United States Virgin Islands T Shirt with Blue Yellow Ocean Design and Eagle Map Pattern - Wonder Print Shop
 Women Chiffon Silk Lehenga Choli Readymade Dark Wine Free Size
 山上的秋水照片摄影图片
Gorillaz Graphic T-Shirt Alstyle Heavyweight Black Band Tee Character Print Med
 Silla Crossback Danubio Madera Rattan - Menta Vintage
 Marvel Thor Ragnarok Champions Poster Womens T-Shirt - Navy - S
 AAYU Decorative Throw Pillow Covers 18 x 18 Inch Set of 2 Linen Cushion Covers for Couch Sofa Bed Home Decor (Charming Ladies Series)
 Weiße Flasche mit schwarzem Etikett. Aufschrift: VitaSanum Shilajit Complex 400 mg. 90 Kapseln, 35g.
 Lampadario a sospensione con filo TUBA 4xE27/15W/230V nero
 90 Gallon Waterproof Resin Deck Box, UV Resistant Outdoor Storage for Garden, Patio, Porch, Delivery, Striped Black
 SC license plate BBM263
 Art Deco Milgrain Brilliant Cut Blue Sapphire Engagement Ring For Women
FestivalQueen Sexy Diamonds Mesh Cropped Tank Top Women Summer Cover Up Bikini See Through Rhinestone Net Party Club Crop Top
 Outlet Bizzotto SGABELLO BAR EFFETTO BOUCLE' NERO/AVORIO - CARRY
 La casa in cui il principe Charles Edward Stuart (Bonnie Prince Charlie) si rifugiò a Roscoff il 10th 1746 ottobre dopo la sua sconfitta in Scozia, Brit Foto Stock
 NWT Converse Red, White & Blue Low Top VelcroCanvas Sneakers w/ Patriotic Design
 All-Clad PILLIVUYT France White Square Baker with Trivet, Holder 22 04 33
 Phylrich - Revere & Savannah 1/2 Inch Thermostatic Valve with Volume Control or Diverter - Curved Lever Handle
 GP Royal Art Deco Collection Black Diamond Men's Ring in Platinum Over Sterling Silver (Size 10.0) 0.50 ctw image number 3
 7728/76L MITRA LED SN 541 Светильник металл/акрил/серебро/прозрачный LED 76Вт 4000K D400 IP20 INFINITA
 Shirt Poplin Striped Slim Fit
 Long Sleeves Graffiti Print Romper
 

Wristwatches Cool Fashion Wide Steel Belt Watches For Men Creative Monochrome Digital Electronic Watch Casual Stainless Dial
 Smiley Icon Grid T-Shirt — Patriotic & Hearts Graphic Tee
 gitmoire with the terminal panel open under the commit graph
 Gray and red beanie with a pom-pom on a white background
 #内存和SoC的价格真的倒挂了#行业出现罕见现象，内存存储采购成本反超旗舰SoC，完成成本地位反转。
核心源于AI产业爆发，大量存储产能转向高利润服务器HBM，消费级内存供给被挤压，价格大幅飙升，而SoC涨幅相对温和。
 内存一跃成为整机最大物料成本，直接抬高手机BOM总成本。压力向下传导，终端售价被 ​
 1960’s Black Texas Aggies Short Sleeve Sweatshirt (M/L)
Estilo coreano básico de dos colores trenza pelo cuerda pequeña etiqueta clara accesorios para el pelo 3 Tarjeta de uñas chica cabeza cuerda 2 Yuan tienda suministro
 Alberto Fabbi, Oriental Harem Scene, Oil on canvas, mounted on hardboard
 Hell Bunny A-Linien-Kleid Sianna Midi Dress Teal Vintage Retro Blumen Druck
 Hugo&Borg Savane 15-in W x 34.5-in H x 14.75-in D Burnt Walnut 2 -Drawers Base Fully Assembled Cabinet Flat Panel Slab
####
ASSIGNMENT:
Please determine how many lines of the listing above include the word "Blue" and state only that number.

SOLUTION TO THIS PROBLEM:
3